Records for this task START
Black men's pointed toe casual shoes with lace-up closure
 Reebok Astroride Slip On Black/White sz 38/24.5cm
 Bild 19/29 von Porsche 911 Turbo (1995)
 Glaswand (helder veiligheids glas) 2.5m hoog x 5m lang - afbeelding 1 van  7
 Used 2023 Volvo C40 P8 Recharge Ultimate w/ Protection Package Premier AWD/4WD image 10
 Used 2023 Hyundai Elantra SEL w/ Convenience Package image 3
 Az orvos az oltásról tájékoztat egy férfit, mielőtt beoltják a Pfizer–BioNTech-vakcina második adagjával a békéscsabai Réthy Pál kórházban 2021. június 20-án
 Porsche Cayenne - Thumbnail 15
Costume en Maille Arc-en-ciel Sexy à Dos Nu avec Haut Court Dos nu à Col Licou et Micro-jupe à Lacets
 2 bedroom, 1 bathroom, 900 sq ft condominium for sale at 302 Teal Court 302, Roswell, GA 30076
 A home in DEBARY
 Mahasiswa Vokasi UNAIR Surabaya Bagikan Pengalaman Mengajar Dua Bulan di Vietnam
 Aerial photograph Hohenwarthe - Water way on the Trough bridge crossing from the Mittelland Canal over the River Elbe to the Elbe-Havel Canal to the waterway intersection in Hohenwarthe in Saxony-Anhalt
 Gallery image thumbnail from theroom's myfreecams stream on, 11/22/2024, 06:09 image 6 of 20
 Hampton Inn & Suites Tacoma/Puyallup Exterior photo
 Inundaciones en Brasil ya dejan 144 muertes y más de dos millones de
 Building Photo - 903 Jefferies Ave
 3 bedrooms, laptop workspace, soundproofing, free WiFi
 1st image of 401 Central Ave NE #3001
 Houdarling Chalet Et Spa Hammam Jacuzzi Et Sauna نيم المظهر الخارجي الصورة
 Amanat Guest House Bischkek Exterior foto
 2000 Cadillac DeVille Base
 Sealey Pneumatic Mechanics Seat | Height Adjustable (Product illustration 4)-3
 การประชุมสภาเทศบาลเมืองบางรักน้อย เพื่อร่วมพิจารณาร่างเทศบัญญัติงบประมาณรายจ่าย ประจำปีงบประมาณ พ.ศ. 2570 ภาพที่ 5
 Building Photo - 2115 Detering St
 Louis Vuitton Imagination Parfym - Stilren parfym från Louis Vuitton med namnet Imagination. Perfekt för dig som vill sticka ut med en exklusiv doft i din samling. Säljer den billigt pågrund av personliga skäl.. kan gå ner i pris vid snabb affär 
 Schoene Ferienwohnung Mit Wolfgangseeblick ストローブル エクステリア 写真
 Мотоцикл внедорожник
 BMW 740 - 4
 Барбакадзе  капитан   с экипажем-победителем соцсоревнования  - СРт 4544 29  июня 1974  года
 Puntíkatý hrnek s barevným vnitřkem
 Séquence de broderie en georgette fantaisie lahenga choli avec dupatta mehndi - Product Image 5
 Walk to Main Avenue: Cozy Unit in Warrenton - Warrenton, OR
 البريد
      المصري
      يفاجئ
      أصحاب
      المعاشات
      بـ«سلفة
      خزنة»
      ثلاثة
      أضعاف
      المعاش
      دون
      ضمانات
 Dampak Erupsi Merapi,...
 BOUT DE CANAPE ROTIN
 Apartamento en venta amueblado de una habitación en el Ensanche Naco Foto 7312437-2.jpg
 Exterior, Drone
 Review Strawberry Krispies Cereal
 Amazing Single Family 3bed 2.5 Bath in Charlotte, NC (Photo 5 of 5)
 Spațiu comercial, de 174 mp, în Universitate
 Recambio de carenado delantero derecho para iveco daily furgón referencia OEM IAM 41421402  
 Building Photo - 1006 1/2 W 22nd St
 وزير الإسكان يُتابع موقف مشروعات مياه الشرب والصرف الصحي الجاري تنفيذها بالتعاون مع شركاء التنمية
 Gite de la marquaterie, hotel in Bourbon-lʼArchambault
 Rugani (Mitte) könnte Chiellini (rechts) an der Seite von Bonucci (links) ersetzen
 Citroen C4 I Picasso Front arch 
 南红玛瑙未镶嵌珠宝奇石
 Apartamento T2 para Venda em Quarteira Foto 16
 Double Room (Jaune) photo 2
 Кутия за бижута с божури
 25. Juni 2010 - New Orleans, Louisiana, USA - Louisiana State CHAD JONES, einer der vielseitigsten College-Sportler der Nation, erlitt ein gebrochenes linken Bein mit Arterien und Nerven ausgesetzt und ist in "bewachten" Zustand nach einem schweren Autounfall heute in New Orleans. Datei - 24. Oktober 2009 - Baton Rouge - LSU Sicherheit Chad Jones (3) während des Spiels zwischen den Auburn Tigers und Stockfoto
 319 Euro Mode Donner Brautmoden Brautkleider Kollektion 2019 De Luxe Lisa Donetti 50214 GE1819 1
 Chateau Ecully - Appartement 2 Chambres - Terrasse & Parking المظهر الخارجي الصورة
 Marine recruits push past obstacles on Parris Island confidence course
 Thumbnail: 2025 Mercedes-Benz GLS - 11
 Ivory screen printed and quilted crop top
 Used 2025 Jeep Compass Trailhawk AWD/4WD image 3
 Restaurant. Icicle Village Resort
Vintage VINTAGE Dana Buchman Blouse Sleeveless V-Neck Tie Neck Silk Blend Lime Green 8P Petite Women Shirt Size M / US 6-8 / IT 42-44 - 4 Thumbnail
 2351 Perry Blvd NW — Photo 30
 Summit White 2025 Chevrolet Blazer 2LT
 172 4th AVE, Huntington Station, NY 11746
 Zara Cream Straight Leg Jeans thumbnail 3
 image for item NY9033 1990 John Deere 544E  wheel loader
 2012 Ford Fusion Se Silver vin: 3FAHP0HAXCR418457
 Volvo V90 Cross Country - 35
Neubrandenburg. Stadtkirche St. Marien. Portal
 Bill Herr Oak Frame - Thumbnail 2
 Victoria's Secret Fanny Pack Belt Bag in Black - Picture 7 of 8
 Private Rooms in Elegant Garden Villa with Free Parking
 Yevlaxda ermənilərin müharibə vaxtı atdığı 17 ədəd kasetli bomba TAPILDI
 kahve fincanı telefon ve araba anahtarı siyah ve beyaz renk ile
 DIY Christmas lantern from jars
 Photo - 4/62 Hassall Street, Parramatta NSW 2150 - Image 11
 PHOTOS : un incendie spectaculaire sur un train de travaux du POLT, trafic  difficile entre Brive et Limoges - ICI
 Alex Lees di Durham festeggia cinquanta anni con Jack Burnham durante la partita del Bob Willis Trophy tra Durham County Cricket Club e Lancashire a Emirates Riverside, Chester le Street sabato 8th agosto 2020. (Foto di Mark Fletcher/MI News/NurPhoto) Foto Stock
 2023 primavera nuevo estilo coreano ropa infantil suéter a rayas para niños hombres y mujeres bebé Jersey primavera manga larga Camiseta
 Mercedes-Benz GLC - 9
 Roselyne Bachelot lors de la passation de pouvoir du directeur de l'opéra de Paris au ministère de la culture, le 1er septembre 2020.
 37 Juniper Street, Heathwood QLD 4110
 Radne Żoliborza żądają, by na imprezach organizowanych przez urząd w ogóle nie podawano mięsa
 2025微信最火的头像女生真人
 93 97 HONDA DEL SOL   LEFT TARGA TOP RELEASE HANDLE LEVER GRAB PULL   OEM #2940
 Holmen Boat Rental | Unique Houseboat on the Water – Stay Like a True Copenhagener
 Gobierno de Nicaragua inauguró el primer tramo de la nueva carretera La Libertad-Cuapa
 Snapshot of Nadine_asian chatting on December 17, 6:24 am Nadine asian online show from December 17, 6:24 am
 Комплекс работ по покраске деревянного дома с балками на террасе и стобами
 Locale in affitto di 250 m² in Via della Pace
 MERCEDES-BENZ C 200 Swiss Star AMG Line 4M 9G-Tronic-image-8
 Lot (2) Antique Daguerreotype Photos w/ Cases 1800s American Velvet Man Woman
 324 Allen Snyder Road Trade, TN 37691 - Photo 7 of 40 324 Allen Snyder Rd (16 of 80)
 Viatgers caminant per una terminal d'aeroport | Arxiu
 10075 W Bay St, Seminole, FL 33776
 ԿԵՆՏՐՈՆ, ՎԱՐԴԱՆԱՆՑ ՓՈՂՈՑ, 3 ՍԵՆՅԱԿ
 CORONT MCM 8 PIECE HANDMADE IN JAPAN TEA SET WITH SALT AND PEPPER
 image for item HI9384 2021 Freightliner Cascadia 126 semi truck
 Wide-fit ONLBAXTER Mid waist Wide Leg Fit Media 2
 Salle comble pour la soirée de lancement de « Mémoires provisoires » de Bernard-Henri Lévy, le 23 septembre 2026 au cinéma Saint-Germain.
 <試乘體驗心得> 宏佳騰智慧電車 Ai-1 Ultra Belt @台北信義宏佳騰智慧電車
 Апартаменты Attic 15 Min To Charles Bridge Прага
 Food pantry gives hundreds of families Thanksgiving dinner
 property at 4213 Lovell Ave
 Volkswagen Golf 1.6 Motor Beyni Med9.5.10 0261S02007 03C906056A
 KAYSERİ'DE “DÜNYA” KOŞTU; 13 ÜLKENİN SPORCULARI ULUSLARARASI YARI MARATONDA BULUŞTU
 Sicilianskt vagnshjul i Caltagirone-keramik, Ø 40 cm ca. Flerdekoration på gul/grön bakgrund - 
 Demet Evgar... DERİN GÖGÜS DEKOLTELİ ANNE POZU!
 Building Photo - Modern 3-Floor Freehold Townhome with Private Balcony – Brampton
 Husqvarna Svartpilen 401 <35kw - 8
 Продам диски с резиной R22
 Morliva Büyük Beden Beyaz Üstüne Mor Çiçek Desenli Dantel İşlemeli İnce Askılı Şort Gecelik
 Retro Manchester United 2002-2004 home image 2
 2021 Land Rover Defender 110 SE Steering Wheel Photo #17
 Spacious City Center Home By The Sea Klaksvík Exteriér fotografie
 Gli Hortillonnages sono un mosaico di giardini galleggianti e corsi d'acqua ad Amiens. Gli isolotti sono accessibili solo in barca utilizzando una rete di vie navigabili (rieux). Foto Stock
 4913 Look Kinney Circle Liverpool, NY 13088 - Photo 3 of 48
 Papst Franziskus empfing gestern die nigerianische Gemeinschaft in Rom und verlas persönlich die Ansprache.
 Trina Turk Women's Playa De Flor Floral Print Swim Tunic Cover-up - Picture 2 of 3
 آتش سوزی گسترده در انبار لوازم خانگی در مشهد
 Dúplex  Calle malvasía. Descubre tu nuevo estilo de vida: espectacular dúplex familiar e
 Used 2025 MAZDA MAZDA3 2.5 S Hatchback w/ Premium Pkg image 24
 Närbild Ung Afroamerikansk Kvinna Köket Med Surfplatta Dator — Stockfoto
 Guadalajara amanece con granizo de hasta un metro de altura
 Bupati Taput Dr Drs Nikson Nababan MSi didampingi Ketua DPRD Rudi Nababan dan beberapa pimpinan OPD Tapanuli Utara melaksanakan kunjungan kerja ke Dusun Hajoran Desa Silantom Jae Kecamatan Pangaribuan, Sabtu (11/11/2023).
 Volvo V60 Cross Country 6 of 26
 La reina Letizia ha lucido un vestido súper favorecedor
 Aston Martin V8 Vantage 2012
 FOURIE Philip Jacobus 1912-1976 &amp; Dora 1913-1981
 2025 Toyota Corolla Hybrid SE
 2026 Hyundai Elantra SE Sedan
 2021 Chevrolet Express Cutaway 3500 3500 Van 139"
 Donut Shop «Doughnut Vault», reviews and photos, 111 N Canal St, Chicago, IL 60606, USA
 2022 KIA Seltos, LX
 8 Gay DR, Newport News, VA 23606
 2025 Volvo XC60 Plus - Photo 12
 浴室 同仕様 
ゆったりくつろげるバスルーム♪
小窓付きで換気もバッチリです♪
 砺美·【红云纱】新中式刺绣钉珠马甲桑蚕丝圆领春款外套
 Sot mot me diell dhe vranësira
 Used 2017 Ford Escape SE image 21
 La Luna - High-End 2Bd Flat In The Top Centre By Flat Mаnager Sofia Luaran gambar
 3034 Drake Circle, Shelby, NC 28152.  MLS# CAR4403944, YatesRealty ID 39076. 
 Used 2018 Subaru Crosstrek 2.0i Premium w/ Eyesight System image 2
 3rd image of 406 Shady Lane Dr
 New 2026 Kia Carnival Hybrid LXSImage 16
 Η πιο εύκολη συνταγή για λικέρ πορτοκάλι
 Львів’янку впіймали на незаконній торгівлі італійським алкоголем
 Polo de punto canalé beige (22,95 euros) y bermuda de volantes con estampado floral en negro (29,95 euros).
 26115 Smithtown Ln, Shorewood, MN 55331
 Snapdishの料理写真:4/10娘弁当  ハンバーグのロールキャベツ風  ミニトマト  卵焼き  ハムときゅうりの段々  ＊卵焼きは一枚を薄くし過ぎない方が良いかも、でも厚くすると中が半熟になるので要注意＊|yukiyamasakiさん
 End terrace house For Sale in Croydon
Records for this task END
## [Your objective]
Your answer must be the data above, copied exactly from its first line through the line containing "Glaswand (helder veiligheids", and nothing more.

## [Written answer]
Black men's pointed toe casual shoes with lace-up closure
 Reebok Astroride Slip On Black/White sz 38/24.5cm
 Bild 19/29 von Porsche 911 Turbo (1995)
 Glaswand (helder veiligheids glas) 2.5m hoog x 5m lang - afbeelding 1 van  7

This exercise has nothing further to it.